** MATERIALS PROVIDED follows **

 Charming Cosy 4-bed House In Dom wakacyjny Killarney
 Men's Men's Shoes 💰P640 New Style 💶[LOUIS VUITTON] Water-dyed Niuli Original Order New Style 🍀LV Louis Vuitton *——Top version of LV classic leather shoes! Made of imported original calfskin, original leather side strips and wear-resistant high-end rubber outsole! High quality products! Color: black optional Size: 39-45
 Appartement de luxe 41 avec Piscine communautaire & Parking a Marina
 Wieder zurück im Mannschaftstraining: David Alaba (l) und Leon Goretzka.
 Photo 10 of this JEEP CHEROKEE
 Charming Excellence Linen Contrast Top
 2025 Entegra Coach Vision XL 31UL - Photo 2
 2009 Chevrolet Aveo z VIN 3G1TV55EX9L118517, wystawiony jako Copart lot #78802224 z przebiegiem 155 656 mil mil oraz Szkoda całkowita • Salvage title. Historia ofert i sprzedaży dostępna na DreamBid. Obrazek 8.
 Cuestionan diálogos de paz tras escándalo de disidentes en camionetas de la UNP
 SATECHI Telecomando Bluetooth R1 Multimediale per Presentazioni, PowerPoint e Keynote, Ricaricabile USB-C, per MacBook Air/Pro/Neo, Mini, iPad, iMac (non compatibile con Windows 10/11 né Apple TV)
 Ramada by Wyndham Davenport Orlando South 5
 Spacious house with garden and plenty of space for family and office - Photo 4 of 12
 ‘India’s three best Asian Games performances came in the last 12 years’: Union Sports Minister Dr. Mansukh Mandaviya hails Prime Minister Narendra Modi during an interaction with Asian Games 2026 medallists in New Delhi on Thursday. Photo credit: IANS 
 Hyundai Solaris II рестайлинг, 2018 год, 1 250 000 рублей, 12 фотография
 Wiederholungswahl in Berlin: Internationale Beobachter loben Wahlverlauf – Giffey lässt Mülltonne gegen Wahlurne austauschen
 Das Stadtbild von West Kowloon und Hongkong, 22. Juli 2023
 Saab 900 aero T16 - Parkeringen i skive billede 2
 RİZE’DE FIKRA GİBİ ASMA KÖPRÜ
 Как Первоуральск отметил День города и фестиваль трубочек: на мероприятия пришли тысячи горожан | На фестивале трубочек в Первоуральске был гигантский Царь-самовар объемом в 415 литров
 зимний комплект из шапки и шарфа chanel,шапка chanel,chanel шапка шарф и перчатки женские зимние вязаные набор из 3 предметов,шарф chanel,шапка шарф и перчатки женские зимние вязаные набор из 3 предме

** End of MATERIALS PROVIDED **

◆ REQUIRED ACTION ◆
Set down, exactly as they appear above, all lines from the one that has "2009 Chevrolet Aveo" down to the one that has "Wiederholungswahl in Berlin: Internationale", including those two and no others.

◆ EXPECTED ANSWER ◆
 2009 Chevrolet Aveo z VIN 3G1TV55EX9L118517, wystawiony jako Copart lot #78802224 z przebiegiem 155 656 mil mil oraz Szkoda całkowita • Salvage title. Historia ofert i sprzedaży dostępna na DreamBid. Obrazek 8.
 Cuestionan diálogos de paz tras escándalo de disidentes en camionetas de la UNP
 SATECHI Telecomando Bluetooth R1 Multimediale per Presentazioni, PowerPoint e Keynote, Ricaricabile USB-C, per MacBook Air/Pro/Neo, Mini, iPad, iMac (non compatibile con Windows 10/11 né Apple TV)
 Ramada by Wyndham Davenport Orlando South 5
 Spacious house with garden and plenty of space for family and office - Photo 4 of 12
 ‘India’s three best Asian Games performances came in the last 12 years’: Union Sports Minister Dr. Mansukh Mandaviya hails Prime Minister Narendra Modi during an interaction with Asian Games 2026 medallists in New Delhi on Thursday. Photo credit: IANS 
 Hyundai Solaris II рестайлинг, 2018 год, 1 250 000 рублей, 12 фотография
 Wiederholungswahl in Berlin: Internationale Beobachter loben Wahlverlauf – Giffey lässt Mülltonne gegen Wahlurne austauschen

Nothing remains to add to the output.